Segundo lembra a AP, por norma as crianças não tidas em consideração para testemunhar devido à sua vulnerabilidade ou memórias imprecisas. No entanto, um especialista norte-americano com quem a agência de notícias falou diz que este caso pode ser uam exceção. “Os procuradores podem querer avançar porque a vítima ainda está viva e pode potencialmente testemunhar”, disse Ryan Goodman. “Pode ser difícil, senão impossível para um arguido justificar-se numa tentativa de homicídio de uma criança”, acrescentou.
Yura correu para longe do cadáver do pai, a quem as balas não passaram de raspão. Só no dia seguinte a família recuperou o corpo, tendo a avó implorado às autoridades russas para que a deixassem aproximar do local.
“Com as suas armas levantadas, [os soldados russos] deixaram-na andar à frente deles. Um outro soldado gritou, de longe: ‘Não venhas para aqui ou vamos matar-te’”, conta a AP, acrescentando que a família trouxe o corpo num carrinho de mão. O cadáver acabou por ser enterrado no quintal da casa.
Dois dias depois da tentativa de homicídio, Yura e a sua família saíram de Bucha por um corredor de segurança e o rapaz, que trazia o ombro com uma ligadura, foi questionado por soldados russos sobre o que tinha acontecido. “Fui atingido por um soldado russo”, respondeu-lhes Yura, ao mesmo tempo que a sua mãe se sentiu horrorizada. “Senti tudo a colapsar dentro de mim [...] Achei que nos iam alvejar a todos”, contou, explicando que esses soldados os deixaram passar, saindo da cidade, não sem antes passarem por onde o ataque ao pai de Yura tinha acontecido.
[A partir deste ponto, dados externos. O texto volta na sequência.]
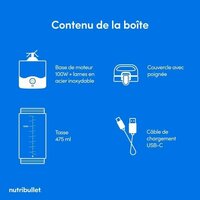 Blender Nutribullet Roze 475 ml 3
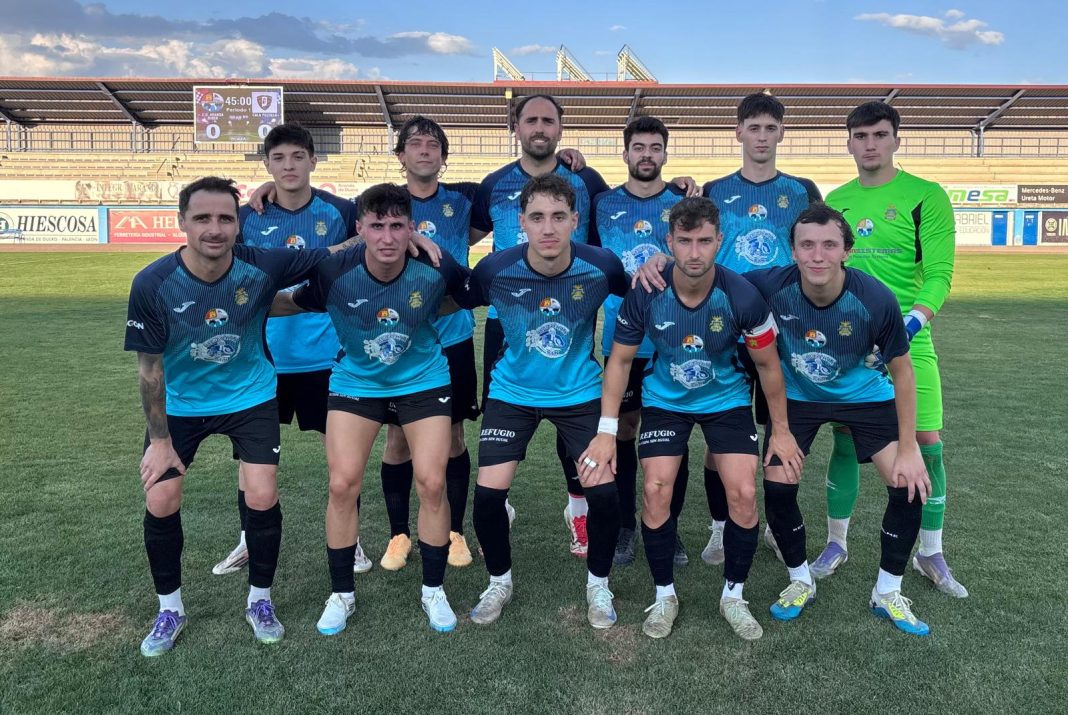 El Riber durante el triangular del pasado fin de semana en el Juan Carlos Higuero. / Aranda Riber
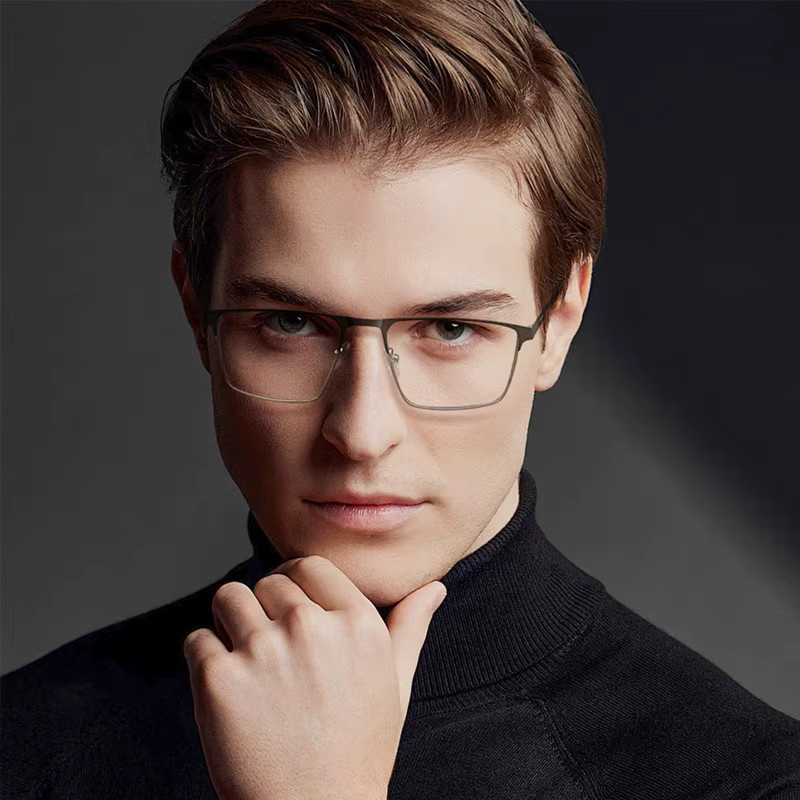 KANSEPT Lesebrille, Metall, Quadratisch, Männer, Blaulichtfilter - Bild 2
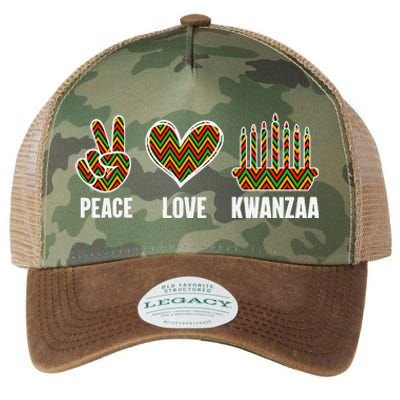 Peace Love Kwanzaa Happy Kwanzaa African American Legacy Tie Dye Trucker Hat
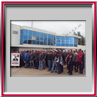 12. Manifestación en las instalaciones de Bombardier, Planta México, en apoyo total a los Hermanos Trabajadores de la Planta Bombardier Derby, Reino Unido de Gran Bretaña e Irlanda del Norte.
À medida que a procuradoria-geral da Ucrânia vai anunciando que já tem milhares de possíveis crimes de guerra, tendo esta quarta-feira sido conhecido o primeiro soldado russo que será julgado por crimes de guerra, a família de Yura não perde a esperança de que que seja feita justiça-
“Não sou apenas eu que quero justiça [...] Os ucranianos estão possivelmente ainda a ser torturados e mortas”, conta o rapaz.